The Packers and Bengals missed five potential game-winning field goals in the fourth quarter and overtime before Mason Crosby's game-winner.
In a wild finish that will go down as one of the wackiest in recent NFL memory, Sunday's Packers-Bengals overtime thriller will be remembered more for the misses than for the game-ending make.
Until his 49-yard field goal with 1:58 left in overtime to give Green Bay a 25-22 win, Packers kicker Mason Crosby had an afternoon to forget in Cincinnati, and it wasn't much better for Bengals kicker Evan McPherson.
Crosby came into the game on a streak of 27 straight field goals made, having missed only two field goals in the last two seasons combined. In just four minutes in the fourth quarter and overtime on Sunday, he missed three.
Starting with 2:12 left in the game with the score tied at 22, Crosby hooked his 36-yard field goal wide left of the post to begin the shootout of misses. After a nine-play, 35-yard drive to just get the Bengals into field-goal range, McPherson could only laugh when his 57-yard effort hit the upright with 26 seconds left.
In typical Aaron Rodgers fashion, the reigning NFL MVP hit Davante Adams for 20 of his 206 receiving yards and spiked the ball at the Cincinnati 33-yard line with four seconds left to give the Packers another chance at a game-winner. But once again, Crosby stepped up and sent his field goal attempt wide left as time expired.
As if the Bengals were testing to see how far their luck could go, quarterback Joe Burrow threw an interception on the first play of overtime that set the Packers up at the Cincinnati 17. After waiting out the Bengals' attempt to freeze him, Crosby uncannily missed left once again—the fourth field goal miss in four minutes of crunch time.

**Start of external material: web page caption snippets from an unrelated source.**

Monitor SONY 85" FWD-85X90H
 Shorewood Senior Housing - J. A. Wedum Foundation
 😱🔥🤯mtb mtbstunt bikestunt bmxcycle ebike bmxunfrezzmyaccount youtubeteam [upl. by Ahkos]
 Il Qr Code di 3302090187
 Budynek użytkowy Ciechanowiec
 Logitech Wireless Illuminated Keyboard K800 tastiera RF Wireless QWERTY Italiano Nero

The miss gave the Bengals another chance to drive down the field to the Green Bay 32, setting up McPherson for his second shot at a game-winner. Naturally, in a game that was almost a caricature of itself, McPherson's attempt hit the flag at the top of the upright as it missed just left.
With just over four minutes left in overtime, Rodgers drove the Packers from the Green Bay 39 to the Cincinnati 32, where Crosby stepped up and—at last—knocked down the winning kick from 49 yards to send the Packers sideline into a relieved frenzy.